When Japanese clients learn about APCO’s ability to target consumers with tailored messages that resonate with their values, their first question tends to be not “how can I use this strategy to sell more widgets?” but rather “how could we adapt this approach to help recruit and retain the best employees?”
This pivot is explained, in part, by the fierce competition for talent in Japan. With more openings than applicants, Japanese firms have to make an effort to differentiate themselves. (As I’ve noted before, many developed economies are or will soon experience this pressure).
But the real insight for me was that Japanese business leaders view their corporate values as a priority ingredient in their employee value proposition. And to understand why requires a fundamental shift in thinking about the role of values in business:
- To consider the possibility of anchoring every decision on alignment to those values,
- To imagine what it would mean to intentionally integrate them into the design and evaluation of every facet of your operations, and
- To recognize how consistent alignment to defined values promotes group identity orientation and thus higher performance.
Consider the case of Honda, a top-20 global brand and APCO client whose founder, Soichiro Honda, established a clear set of values to guide both how the company should be run and the qualities that team members should possess to produce the best products possible. To this very day, every new associate receives a thorough and inspiring training on Honda’s values—what they are, how they drove decisions and results at critical moments, and why they still weigh heavily into individual and team performance evaluations.
Then contrast that with the average non-Japanese brand of comparable value and longevity. Many of them are playing catch up, trying to establish activities and an external narrative that aligns with the increasing pressures towards sustainability, inclusivity, and social impact. The trouble is that they often segregate this work into CSR and foundation efforts, instead of being built into a company’s strategy, culture, and operations. As a result, the majority of employees do not understand or do not experience their company’s purported purpose directly. In the worst case, they observe—and become disempowered by—a gap between what the business says externally and how it operates internally. As that gap widens, overall performance suffers, employee loyalty is tested, and the risk to reputation creeps upward.

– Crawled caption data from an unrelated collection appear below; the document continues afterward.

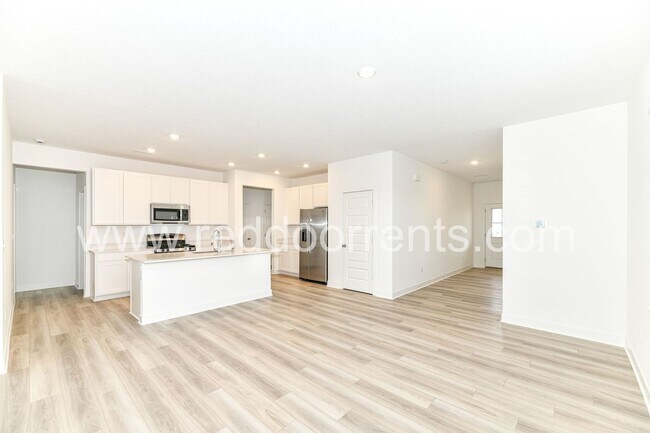 Building Photo - Available Now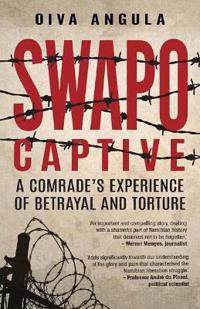 SWAPO Captive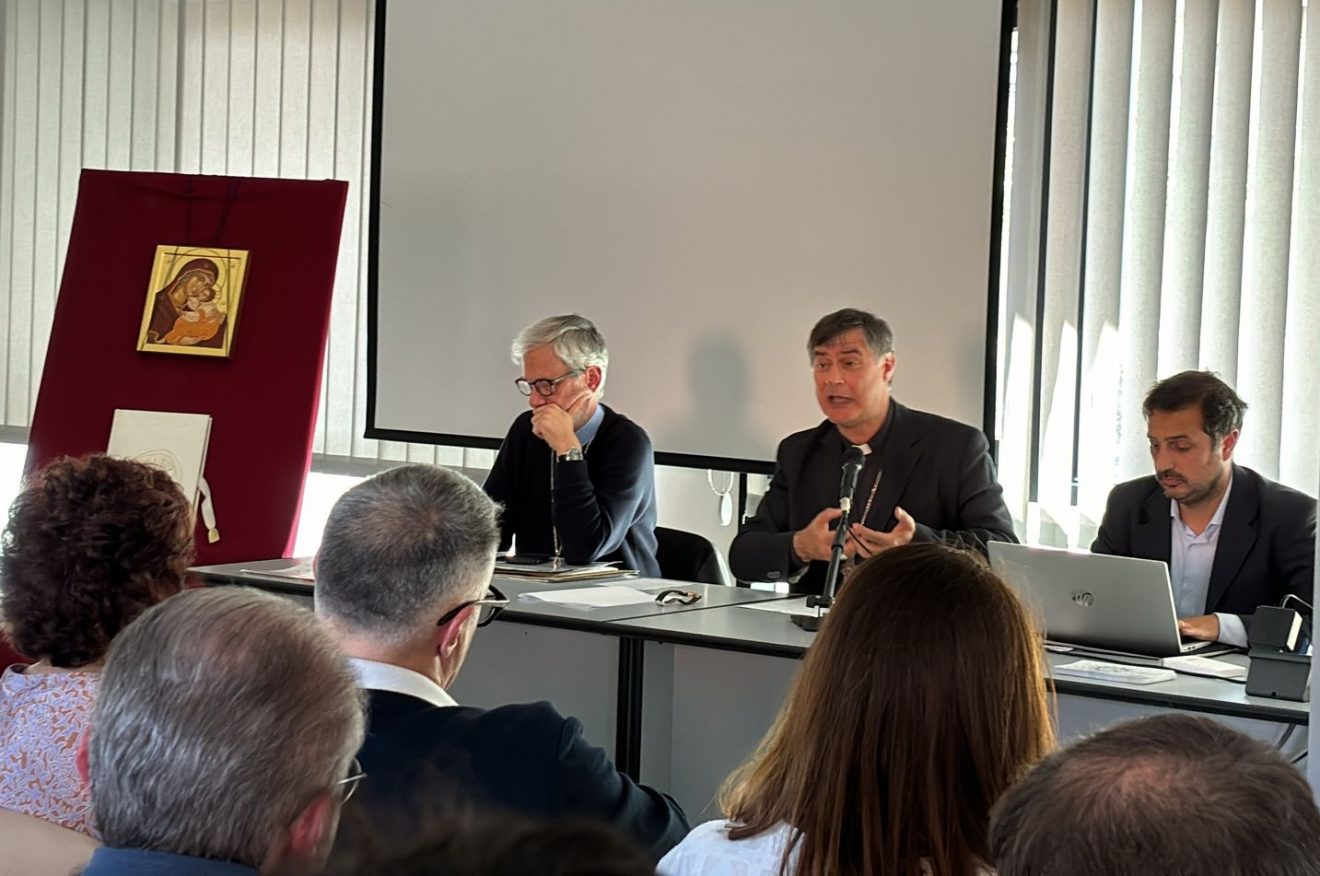 La seconda seduta dei Consigli Presbiterale e Pastorale, 29 e 31 maggio 2024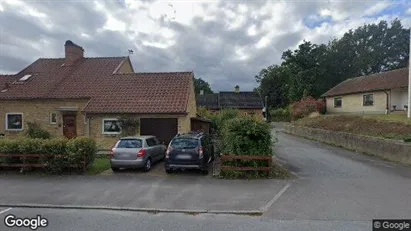 Lägenheter till salu i Hässleholm - Bild från Google Street View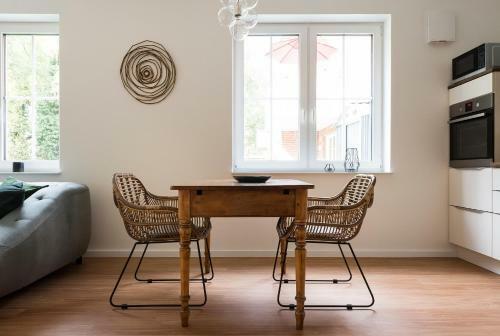 Apartamentos 5 Sterne Ferienwohnungen Am See
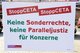 CETA stoppen - Aktionstag in Mannheim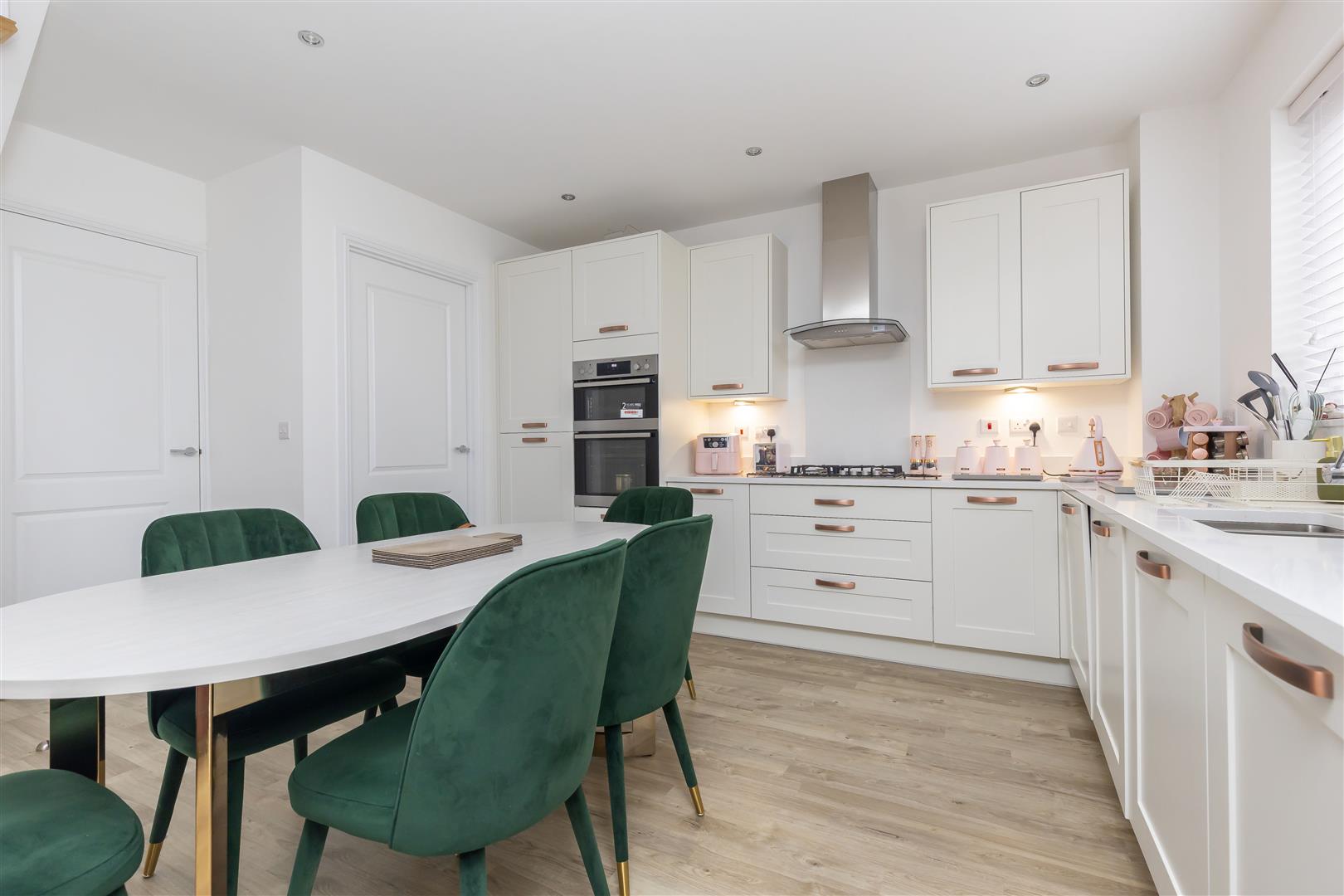 Freesia Avenue, Higher Bartle, Preston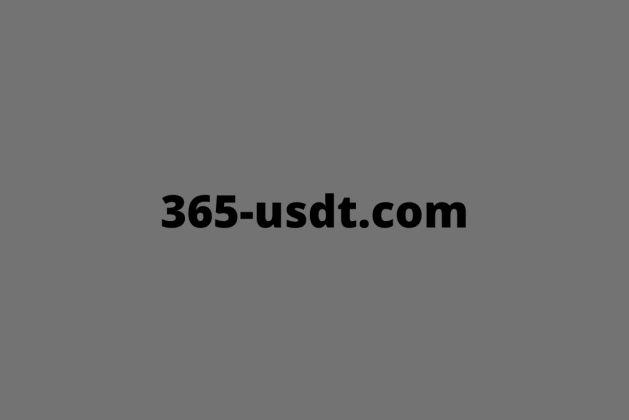 365-usdt.com review (Is 365-usdt.com legit or scam?) check out
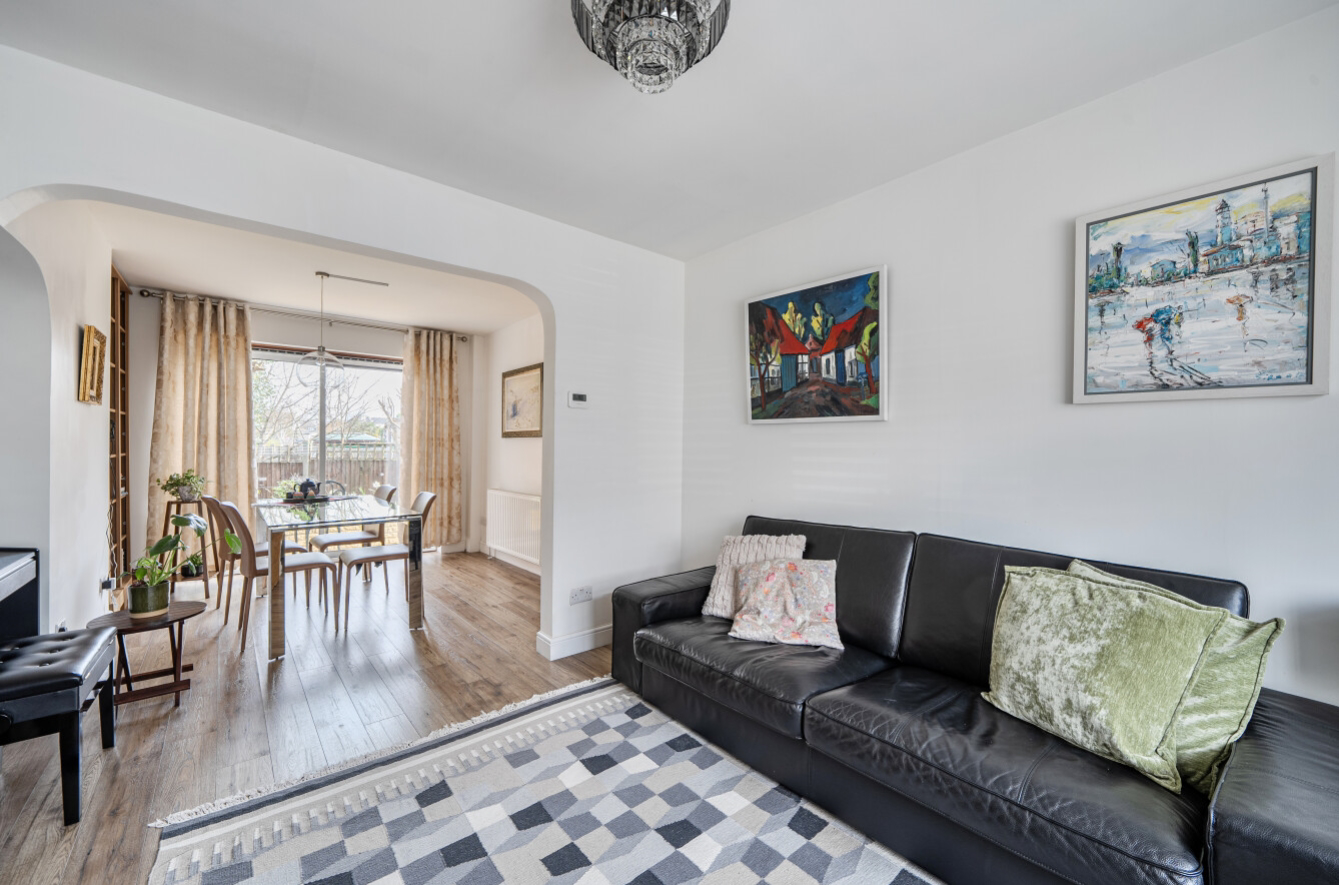 FREDERICK CLOSE, CHEAM, SUTTON, SM1, photo 5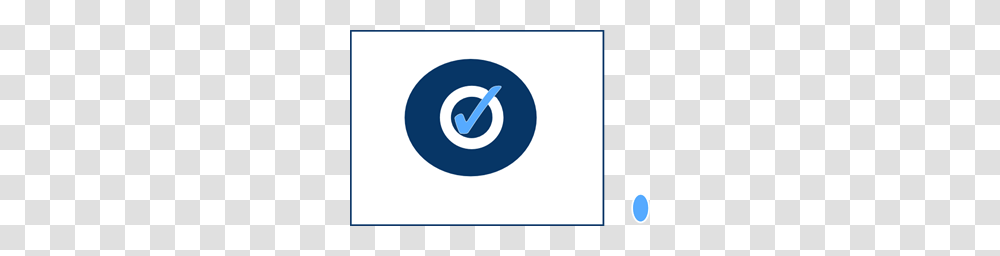 Blue White Checkmark Clip Art For Web, People, Logo Transparent Png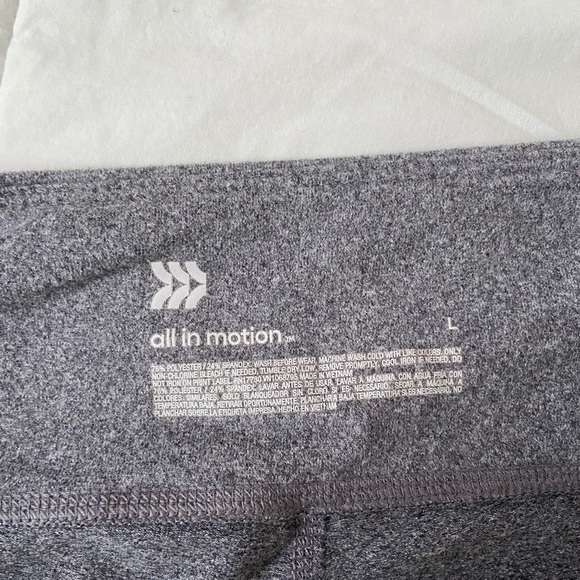 Leggings - Picture 2 of 5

In light of this, I would challenge the executives of today’s most valuable companies and brands to take a page from the Honda playbook. If you are truly committed to maximizing business performance, attracting and retaining the best talent, and contributing to a broader societal mission, then you also must do the work to define (or more ideally, co-create) your company’s core values, to establish internal programs and processes that reinforce them, and to integrate them into every aspect of the business, every expression of the brand.
Honda has an advantage that its founder did this work early, when the company was smaller. But there’s time yet for those leaders who recognize the opportunity.